一方ヒットアニメの多くもマンガ原作をもとにしており、そのマンガの原作もまた、Web小説であるケースが増えている。
「その結果、コンテンツ業界はいま、未曾有の原作小説不足に見舞われています」
蜂谷はいま、そうした原作の宝庫となりえる小説投稿プラットフォーム「テラーノベル」を運営している。なぜ蜂谷は現在のような状況を見越して、サービスをつくり上げることができたのだろうか。
小説クリエイターが育っていく“場”としての「テラーノベル」
テラーノベルは、DMMグループのホラー系チャット小説アプリ『TELLER(テラー)』として、2017年に誕生した。いくたびかのサービス終了の危機を乗り越えた後、蜂谷は22年にMBO(マネジメントバイアウト)で同社を起業する。扱う小説ジャンルも無制限に拡大した。
蜂谷が事業を継続し、起業に踏み出せたのは、ウェブトゥーンの普及によるコンテンツのグローバル化、ボーダレス化による小説需要の急増が予測できたからだった。また話読み仕様を採用しているテラーノベルのスタイルも、「一話ごとに続きが気になる構成」を求めるウェブトゥーンの原作需要と合致していたという要因もある。
ただ同時に、ウェブトゥーン業界の行く末に対して、当時の蜂谷は一抹の不安を抱えていたという。
「売れているジャンルに偏りがあったのです。限られたジャンルの作品ばかりが作られ、該当ジャンル以外の作品は売れない、作られないという状況は問題だと感じていました。これではいつかユーザーに飽きられてしまう。
いままで世界でも稀に見るほど多様なジャンルの作品を生み出してきた日本のマンガ業界。かつてはマンガ週刊誌が多様な作品を連載することで、広いジャンルの作品、クリエイターが育つ環境がありました。しかし電子化とともに人気ジャンルが固定され、その環境は消え去ろうとしていました」
“自分が得意とするテクノロジーを活用することで、幅広いジャンルの作品が読まれ、多様なクリエイターが育っていけるプラットフォームをつくれないだろうか”
そうした蜂谷の思いがこもった小説投稿プラットフォームが「テラーノベル」だ。ではテラーノベル社は、具体的にどのようにクリエイターを支援しているのだろうか。

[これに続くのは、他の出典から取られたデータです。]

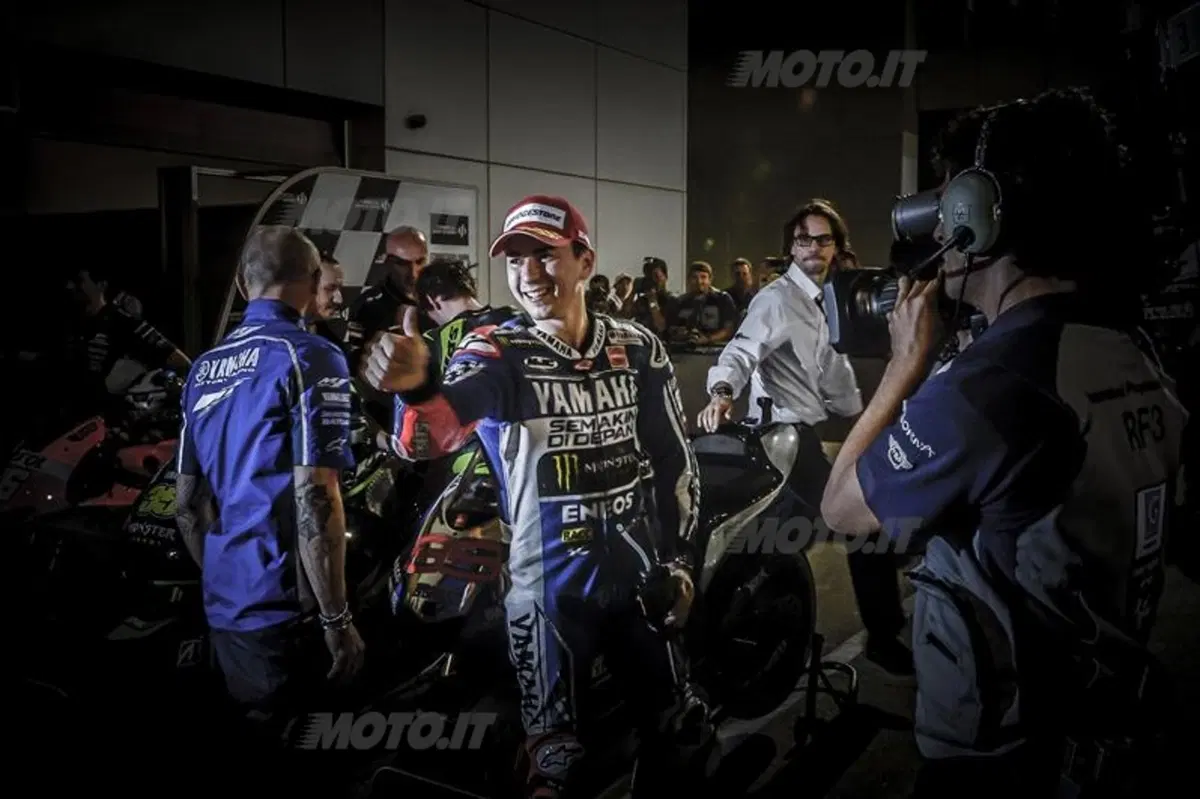 MotoGP. Le foto più spettacolari del GP del Qatar (6)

「私たちの特徴は、読者が今読みたい作品と出会える、優秀なレコメンドシステムを備えていることです。このレコメンドの仕組みによって、新人作家の作品や新しいジャンルの作品でも読まれやすい状態をつくり出せています。その結果、雑誌の消滅や既存小説サイトのジャンル偏向などによって課題となっていた作品の多様性を担保することができています。さらに、私たちが100社以上の出版社と良好な関係を築いていることで、投稿されたWeb小説を出版社・編集者につなぐ仕組みも出来上がっています。つねに投稿作品と向き合い、”こんな原作が欲しい”という編集サイドの需要も把握して、両者をつなぐ役割も果たしているのです」
こうした取り組みの結果、1年ほどで、現在80タイトル以上の作品のマンガ化プロジェクトが進行しており、一部作品はすでに配信をスタートしているという。2024年からは多数の大きなプロジェクトの成果も出る予定だ。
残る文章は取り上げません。